A situação atual na luta contra certos tipos de crime mostra que determinadas pessoas apresentam um risco potencial de se vincularem a atividades criminosas e que os sistemas de vigilância em massa baseados em algoritmos as identificam como pessoas de interesse ou “pré-suspeitos”. Uma vez classificadas pelo algoritmo nessa categoria, elas podem estar sujeitas a vigilância permanente, justamente para coletar inteligência e realizar uma análise mais específica dos riscos potenciais. A “pessoa de interesse” é, então, colocada sob vigilância policial ou de inteligência e, a partir daí, resta apenas um passo para a persecução penal: a análise de todos esses dados digitais para gerar indícios suficientes para iniciar o processo criminal.

ConJur O Superior Tribunal de Justiça vem traçando algumas diretrizes sobre a devida documentação da cadeia de custódia de provas digitais no Brasil. Mas ainda não há uma lei específica ou outras normativas sobre o tema. E os órgãos de persecução penal têm dificuldade de resguardar a prova digital. Qual a situação na Espanha e na Europa?
Lorena Bachmaier Winter A Lecrim não contém uma regulamentação completa sobre a cadeia de custódia das diferentes provas, apenas regras isoladas sobre a segurança e a preservação das provas. Mas não significa que isso não tenha sido desenvolvido e exigido em processos criminais.

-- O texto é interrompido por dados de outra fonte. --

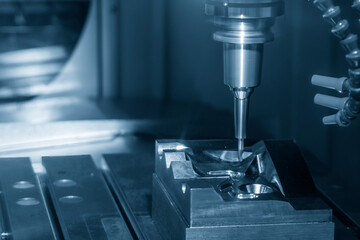 The CNC milling machine cutting press die by solid ball end mill tool.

O Supremo Tribunal da Espanha vem definindo há anos o que entende por “cadeia de custódia”:

A cadeia de custódia é um conjunto de atos destinados a coletar, transferir e preservar as provas e os vestígios obtidos no curso de uma investigação criminal, atos esses que devem obedecer a uma série de requisitos, a fim de garantir a autenticidade, a inalterabilidade e a indenidade das fontes de prova. A integridade da cadeia de custódia garante que, desde o momento em que os vestígios relacionados ao crime são coletados até se tornarem provas concretas no momento do julgamento, o que estará sujeito à imediação, à publicidade e ao contraditório das partes e ao julgamento do tribunal é o mesmo(decisão de 2015).

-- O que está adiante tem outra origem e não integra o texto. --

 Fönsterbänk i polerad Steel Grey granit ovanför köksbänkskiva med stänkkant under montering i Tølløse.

A manutenção da cadeia de custódia não tem um fim em si mesma, mas tem um valor instrumental. A única coisa que ela garante é a indenidade da prova desde o momento em que é coletada até sua análise, o que, em caso de violação, pode afetar a credibilidade da análise, mas não sua validade.

Em termos de provas eletrônicas, os protocolos seguidos são principalmente os desenvolvidos pela Rede Europeia de Institutos de Ciência Forense (ENFSI), que são muito semelhantes às normas da Organização Internacional para Padronização (ISO), às normas da Associação Espanhola de Normalização (UNE) ou às diretrizes elaboradas pelo Escritório das Nações Unidas sobre Drogas e Crime (UNODC).

Todos esses protocolos são muito semelhantes e estabelecem um sistema de gerenciamento de documentos desde o momento inicial da aquisição da prova até sua valoração no julgamento, registrando detalhadamente as ações que foram realizadas nos dados ou suportes eletrônicos e documentando quem as realizou, sempre preservando a cópia espelhada. Obviamente, na prática, esse processo de documentação variará, dependendo do tipo de acesso aos dados digitais (remoto ou in situ, com ou sem um computador aberto, se o computador ou terminal está ou não conectado a uma rede etc.).

As normas internacionais também estabelecem que o registro e a análise de computadores apreendidos devem ser realizados, se possível, em um laboratório forense. O Comissariado Geral da Polícia Científica da Espanha e sua unidade tecnológica seguem as recomendações dos Laboratórios Forenses da Organização Internacional de Polícia Criminal (Interpol).

A partir da aceitação de que os protocolos para preservar a cadeia de custódia são essenciais para garantir a autenticidade das provas, inclusive as eletrônicas, surge a questão das consequências probatórias da quebra da cadeia de custódia.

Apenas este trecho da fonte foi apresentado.